Saba Mahmood: A tribute

Saba Mahmood: A tribute

Today marks 40 days since Saba Mahmood’s passing. In my family culture and tradition, 40 days after death is an important marker of passage, of coping, of figuring out how you will move on… for both those who have passed and those who experienced the loss. To mark this moment, on behalf of Anthrodendum, I invited scholars representing diverse stages in their own careers, each of whom has a different relationship to Saba and her work. As a collection of notes, these comments bring together some of the many facets of Saba’s impact on the field, her students, colleagues, and those upon whose life she has left an indelible mark. We are still grieving, processing, missing, and trying to find the space to articulate what all of that means, together.

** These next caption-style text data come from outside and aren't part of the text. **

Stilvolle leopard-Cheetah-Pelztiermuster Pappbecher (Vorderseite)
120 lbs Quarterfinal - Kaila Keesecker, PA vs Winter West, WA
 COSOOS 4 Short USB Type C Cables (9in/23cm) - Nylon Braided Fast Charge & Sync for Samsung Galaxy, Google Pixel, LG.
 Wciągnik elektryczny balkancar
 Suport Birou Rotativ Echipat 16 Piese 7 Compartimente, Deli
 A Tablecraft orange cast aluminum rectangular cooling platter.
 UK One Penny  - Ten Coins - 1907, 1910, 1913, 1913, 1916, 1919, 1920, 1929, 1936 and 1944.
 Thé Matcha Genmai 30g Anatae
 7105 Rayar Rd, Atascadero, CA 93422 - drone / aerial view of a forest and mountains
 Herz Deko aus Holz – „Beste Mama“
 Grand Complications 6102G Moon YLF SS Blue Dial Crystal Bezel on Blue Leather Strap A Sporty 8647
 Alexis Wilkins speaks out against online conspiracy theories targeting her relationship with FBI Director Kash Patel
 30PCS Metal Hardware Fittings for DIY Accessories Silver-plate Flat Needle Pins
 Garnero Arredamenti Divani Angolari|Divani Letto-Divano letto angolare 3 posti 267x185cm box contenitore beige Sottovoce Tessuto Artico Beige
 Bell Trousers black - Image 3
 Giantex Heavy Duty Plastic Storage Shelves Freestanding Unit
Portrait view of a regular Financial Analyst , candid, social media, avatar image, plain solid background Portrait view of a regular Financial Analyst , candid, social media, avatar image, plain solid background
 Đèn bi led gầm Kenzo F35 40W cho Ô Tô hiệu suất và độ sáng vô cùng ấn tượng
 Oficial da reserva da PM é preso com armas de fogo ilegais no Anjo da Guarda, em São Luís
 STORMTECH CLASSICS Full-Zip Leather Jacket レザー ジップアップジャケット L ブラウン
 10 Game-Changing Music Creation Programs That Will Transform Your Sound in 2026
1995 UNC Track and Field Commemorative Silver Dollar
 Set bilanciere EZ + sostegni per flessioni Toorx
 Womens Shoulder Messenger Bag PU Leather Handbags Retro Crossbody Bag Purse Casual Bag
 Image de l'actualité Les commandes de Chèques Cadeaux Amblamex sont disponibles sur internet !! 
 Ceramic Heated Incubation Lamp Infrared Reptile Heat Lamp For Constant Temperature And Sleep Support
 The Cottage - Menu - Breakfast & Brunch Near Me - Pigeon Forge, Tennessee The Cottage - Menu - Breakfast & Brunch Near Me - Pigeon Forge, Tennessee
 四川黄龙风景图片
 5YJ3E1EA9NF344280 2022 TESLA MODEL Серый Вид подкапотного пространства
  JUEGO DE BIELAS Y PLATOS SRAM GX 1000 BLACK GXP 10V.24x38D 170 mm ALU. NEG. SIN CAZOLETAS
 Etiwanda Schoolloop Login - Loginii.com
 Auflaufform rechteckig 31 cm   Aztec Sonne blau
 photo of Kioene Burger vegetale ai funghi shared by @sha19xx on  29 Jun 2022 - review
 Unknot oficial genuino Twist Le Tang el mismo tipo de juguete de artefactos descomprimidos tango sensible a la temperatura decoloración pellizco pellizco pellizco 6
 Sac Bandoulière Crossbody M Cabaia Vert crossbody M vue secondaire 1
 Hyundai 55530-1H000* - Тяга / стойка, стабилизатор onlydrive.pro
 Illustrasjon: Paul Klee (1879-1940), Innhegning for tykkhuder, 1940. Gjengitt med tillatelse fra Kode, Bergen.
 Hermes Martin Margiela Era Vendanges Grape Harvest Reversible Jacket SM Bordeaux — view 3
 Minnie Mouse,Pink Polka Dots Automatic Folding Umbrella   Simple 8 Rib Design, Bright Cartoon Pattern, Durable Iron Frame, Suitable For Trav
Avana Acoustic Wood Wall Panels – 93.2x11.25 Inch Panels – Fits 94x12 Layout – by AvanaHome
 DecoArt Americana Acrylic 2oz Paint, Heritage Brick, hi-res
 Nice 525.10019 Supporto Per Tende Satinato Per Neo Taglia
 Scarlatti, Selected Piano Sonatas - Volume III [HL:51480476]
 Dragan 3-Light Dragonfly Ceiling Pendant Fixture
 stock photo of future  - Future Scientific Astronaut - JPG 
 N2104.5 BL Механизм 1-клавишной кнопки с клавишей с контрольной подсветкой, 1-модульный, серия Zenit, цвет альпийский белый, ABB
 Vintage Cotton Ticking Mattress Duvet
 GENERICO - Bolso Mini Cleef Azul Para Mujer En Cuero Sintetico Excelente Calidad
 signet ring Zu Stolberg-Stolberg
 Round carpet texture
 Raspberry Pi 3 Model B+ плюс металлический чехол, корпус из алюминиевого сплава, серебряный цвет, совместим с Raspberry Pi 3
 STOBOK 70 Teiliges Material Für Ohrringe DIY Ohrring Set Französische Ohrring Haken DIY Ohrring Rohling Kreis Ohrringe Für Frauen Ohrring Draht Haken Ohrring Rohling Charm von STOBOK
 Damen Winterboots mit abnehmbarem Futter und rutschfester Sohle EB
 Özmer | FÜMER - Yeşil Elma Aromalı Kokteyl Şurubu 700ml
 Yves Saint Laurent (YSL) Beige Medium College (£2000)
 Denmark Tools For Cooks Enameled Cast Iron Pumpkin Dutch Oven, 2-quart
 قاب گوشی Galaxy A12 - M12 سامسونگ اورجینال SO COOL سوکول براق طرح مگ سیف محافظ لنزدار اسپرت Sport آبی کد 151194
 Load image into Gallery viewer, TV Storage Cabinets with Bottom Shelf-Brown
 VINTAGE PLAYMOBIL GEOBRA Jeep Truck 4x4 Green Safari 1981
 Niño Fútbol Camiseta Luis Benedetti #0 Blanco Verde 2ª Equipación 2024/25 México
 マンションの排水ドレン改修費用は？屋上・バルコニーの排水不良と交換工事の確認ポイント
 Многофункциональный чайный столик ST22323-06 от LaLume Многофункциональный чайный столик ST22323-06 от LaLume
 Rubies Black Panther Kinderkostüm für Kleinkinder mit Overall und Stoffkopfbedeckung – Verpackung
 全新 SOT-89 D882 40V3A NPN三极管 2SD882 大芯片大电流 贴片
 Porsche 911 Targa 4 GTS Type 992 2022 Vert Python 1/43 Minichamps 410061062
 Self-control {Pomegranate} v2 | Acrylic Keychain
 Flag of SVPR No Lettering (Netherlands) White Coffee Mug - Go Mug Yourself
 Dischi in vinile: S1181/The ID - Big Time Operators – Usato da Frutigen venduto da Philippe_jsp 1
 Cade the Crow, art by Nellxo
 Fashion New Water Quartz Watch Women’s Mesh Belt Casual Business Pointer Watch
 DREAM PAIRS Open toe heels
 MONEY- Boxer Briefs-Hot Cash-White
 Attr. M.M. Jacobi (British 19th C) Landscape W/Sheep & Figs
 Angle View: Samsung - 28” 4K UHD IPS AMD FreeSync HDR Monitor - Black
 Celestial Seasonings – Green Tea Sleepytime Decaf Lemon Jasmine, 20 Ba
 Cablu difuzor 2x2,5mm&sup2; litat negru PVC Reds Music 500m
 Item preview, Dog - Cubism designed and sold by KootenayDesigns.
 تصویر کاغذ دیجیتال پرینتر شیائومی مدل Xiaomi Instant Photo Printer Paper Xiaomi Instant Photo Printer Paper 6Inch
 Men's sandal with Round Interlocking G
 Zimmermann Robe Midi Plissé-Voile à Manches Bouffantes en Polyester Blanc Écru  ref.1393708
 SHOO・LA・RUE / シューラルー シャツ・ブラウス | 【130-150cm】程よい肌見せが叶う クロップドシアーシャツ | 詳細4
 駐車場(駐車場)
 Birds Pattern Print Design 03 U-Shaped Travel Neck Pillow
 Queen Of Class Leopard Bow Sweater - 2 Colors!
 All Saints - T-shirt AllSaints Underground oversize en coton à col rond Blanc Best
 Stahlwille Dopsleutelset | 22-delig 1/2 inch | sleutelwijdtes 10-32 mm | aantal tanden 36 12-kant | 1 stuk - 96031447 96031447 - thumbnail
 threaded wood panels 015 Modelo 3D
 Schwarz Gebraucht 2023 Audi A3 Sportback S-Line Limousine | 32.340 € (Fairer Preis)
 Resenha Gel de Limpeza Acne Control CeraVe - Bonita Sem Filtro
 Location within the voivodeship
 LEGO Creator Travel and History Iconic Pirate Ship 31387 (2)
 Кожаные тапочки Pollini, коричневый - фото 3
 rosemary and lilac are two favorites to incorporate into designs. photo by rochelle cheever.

For those of you who do not know Saba or her work, my hope is that the diversity of notes will help you gain glimpses of her person as a scholar and teacher. Please know that you, as a reader of this blog, are also invited to join us in this gesture – if you would like to leave a note commemorating Saba Mahmood, please feel free to do so in the comments section. The final note in this tribute has been reprinted from the official Obituary from the University of California, Berkeley website. I’ve included it because it came from Saba’s home department, and because it has a link for those wishing to make gifts in her memory.

On this chaleeswan (40th day), within this community, may our words have the strength to be our sentiments as well as our tribute to a brilliant, courageous and generous scholar, whose love, strength, laughter and ethics continue to inform our fields of practice and our lives.

-Uzma Z. Rizvi


It is difficult, if not impossible, to write about the loss of a friend. And this small memorandum will not attempt to do so. Instead, all that seems available is to gesture to Saba’s life as an exemplum, one which asks to be contemplated. For that is what defined her as a friend and mentor—a life that cannot be compassed by a discourse or a moral teaching but was lived as a teaching.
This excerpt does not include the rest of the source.